The people who organise so-called grassroots protests are in fact wealthy students and academic professors who know far, far too well where Australia is headed if carbon dioxide concentrations are not merely stabilised but reduced.

As I have pointed out in my discussion of Michael Woolridge’s excellent essay on pages 182 to 185 of Two Nations, this deep breach between academia and the rest of the population is one of Australia’s most pressing problems today. As I know from personally living in Keilor Downs and Ashwood from 1987 to 1997, outer suburbanites are never aware of major scientific research that has a critical impact on our future climate.

The manner in which some significant CSIRO and Bureau of Meteorology researchers present their findings about rainfall changes to the public seems intended to calm the population by invariably finding a culprit other than man-made greenhouse gases. The evidence of recent climate patterns suggests that this policy might come dangerously close to sedative propaganda.

Those who publish news scientific findings in Australia’s mass media have in current circumstances the gravest imaginable responsibility. It is not their duty to do something intended merely to calm the population and they should not be in any sense displeased if they provoke anger or outrage from the public as they might if they were less willing to pass the buck away from human-produced greenhouse gases.

Tuesday, 10 February 2009

Radio stations should stop calling it a natural disaster

Today on TRIPLE M, there have been joyful announcements about the amount of money raised to deal with what already ranks as Australia’s worst ever bushfire disaster. It has been surpassed quite a number of times in North America, e.g. the 1871 Peshtigo fire and the 1825 Miramichi fire. The latter fire got closer to destroying the New Brunswick capital of Frederickton than any fire has got to substantially destroying an Australian capital city – even the 2003 Canberra bushfires or the March 1919 fires near Perth.

The problem is that, as I have been saying lately, the current bushfires are not a natural burning of vegetation that occasionally occurs even in wet eucalypt forests. Rather, they are an adjustment to a climate shift that occurred in October 1996 to move vegetation zones poleward or uphill to regions that currently (not before October 1996) have suitable climates.
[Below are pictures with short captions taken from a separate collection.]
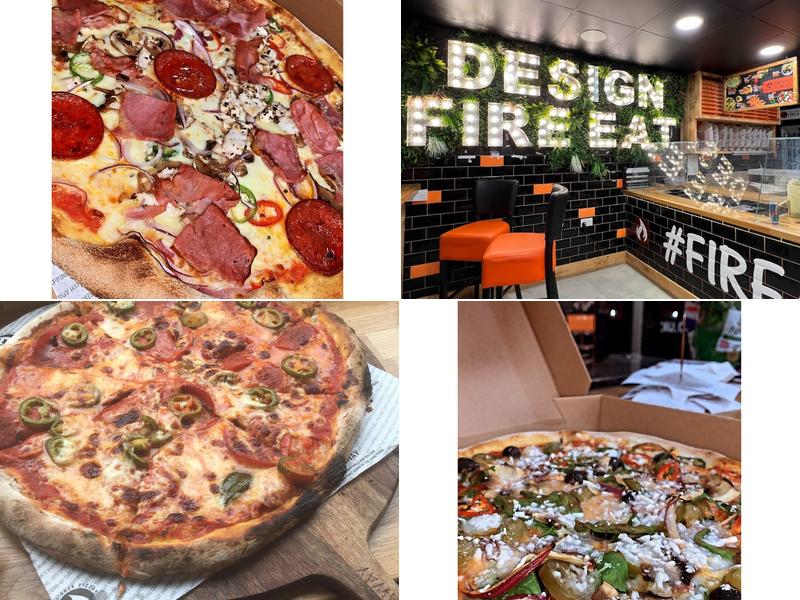 Fireaway Pizza Wimbledon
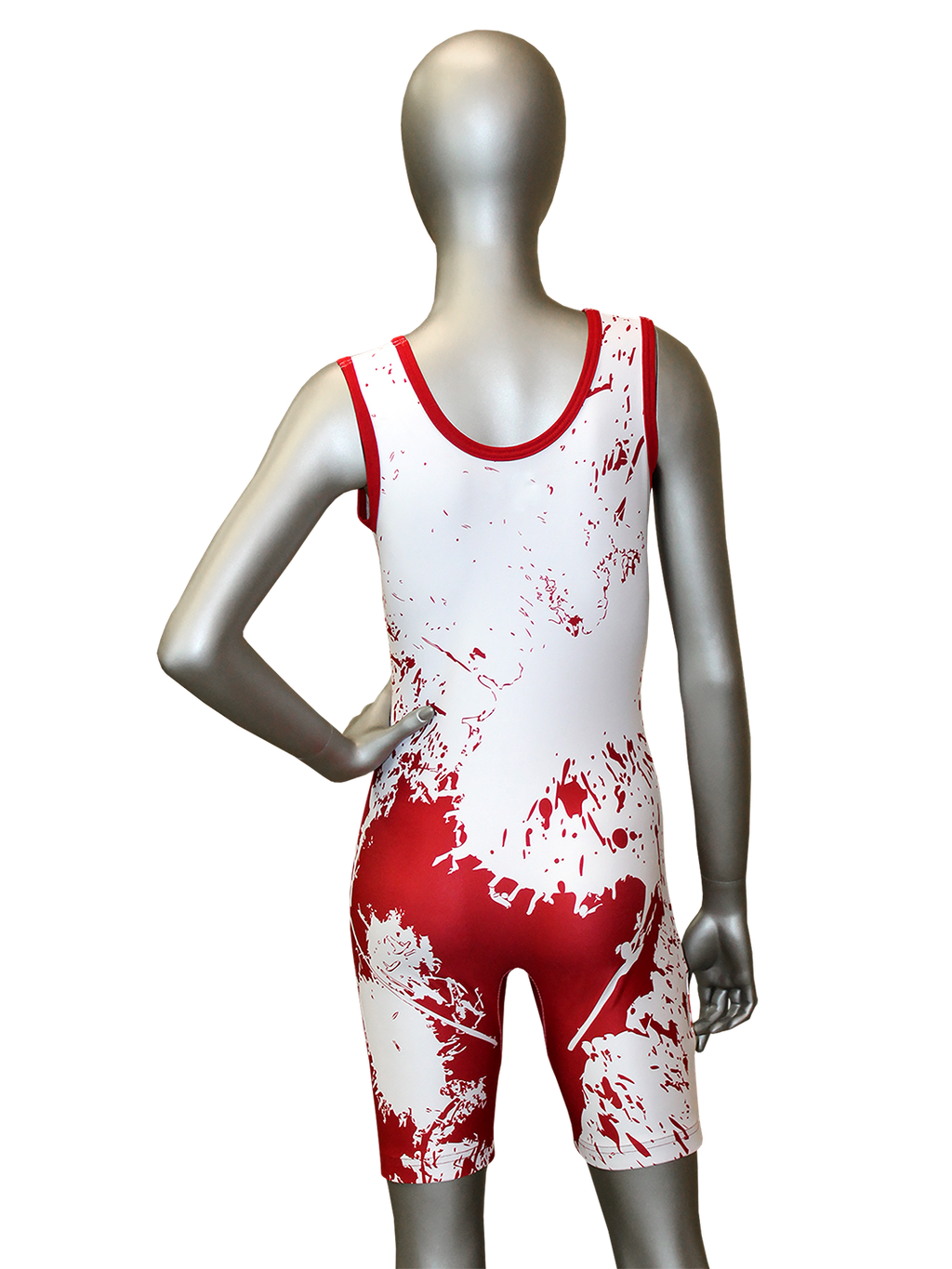 The Splatter Women's Singlet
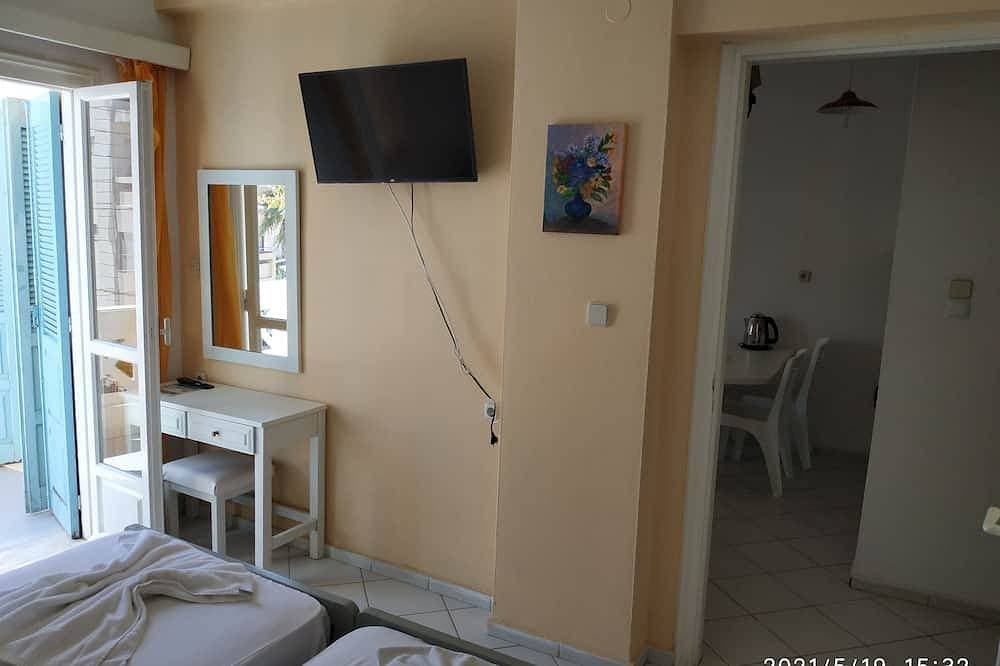 Foto 2 von 27: Wohnung für 4 Personen in der Nähe des Zentrums und des Strandes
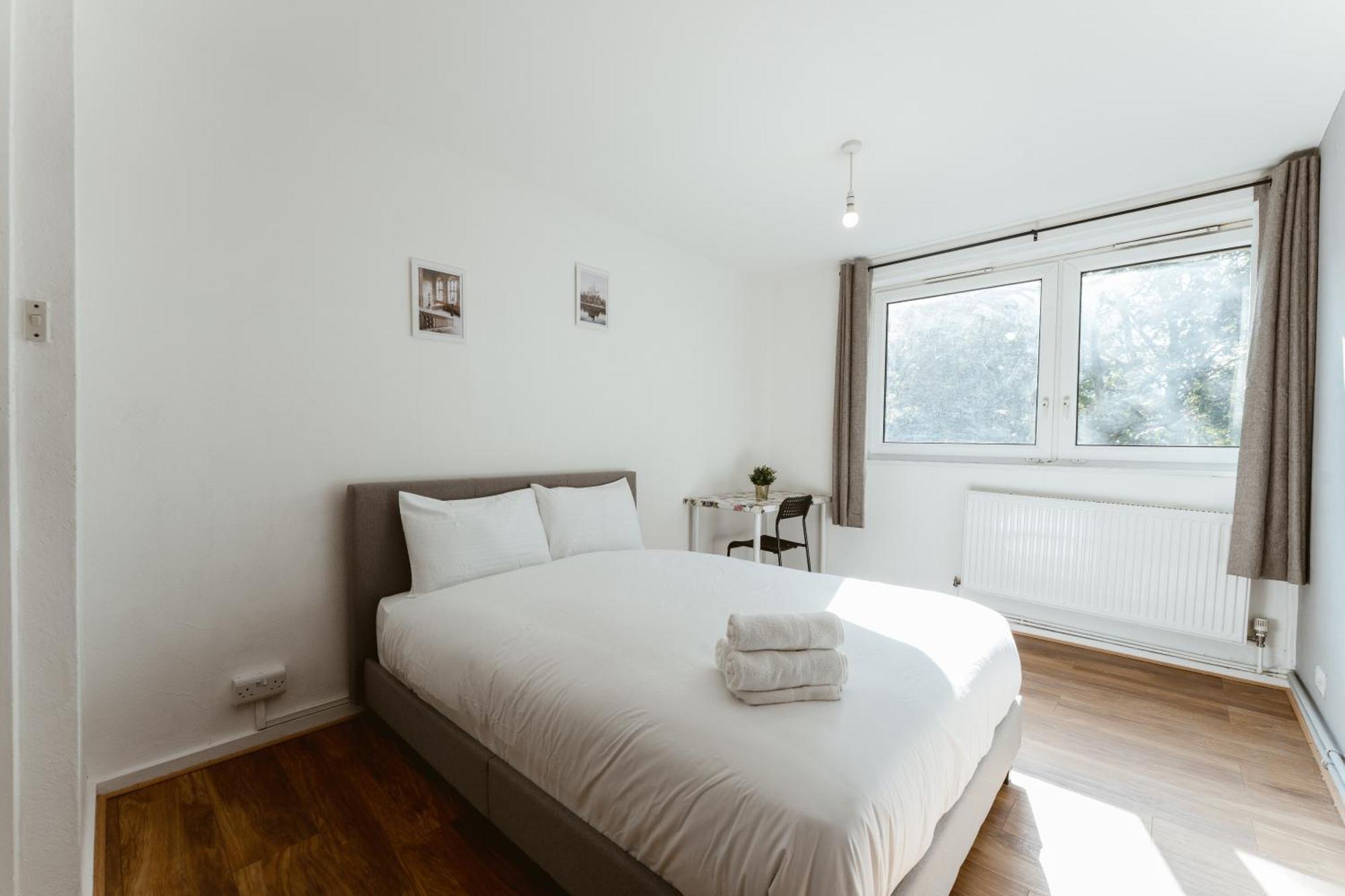 Shadwell Double Room - 13 Лондон Экстерьер фото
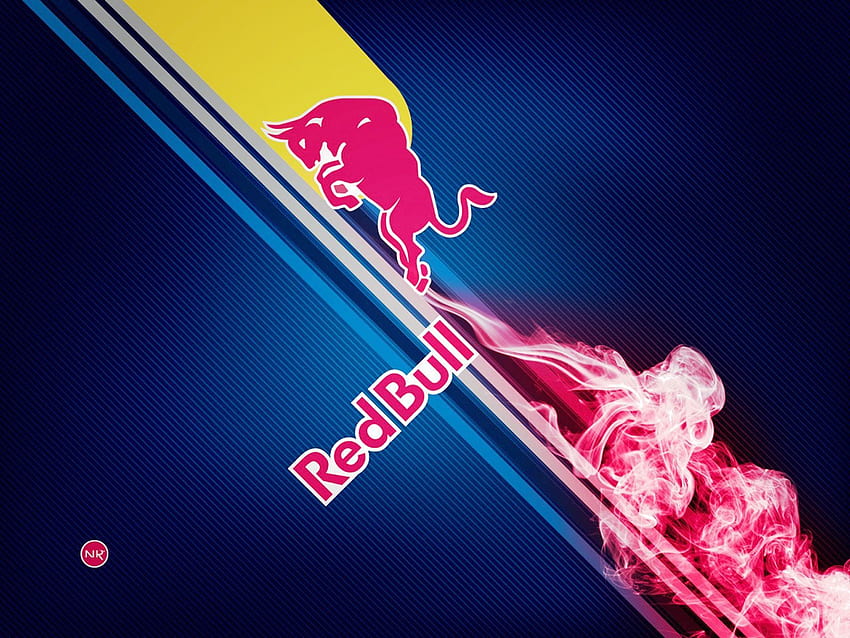 Red Bull - aperSafari. Бикове, лого на бик, червен бик HD тапет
The point about possible arson and that the frequency of arson is increasing is a question I am willing to discuss, but I will not tolerate dissociation of the basic fact that the fires are an adjustment to global warming that is twelve years and five months late.

The really bad thing, of course, is that even the current bushfires will not be a sufficient adjustment. People are extremely sensibly talking about the prospect of 47˚C or 48˚C days occurring with high winds and fuel even drier than it has been for the past three years. Under such conditions, it would be very easy to imagine such firestorms as are occurring now with not one act of arson.

Whilst I am not ethically opposed to charities to relieve fire victims, if we want to say “polluter pays” then the major carbon dioxide emitters should be the ones to pay the cost of a fire they must be deemed responsible for. It is a pity nobody except me and fringe socialists like GLW are saying anything like this.

During the hottest days, the radio stations were, in contrast to their current over-joyful mood, a little more reasonable about how dreadful the weather was than they usually have been. Perhaps it is unfortunately far too much to ask radio stations to be as blunt about global warming as they ought to be in this situation!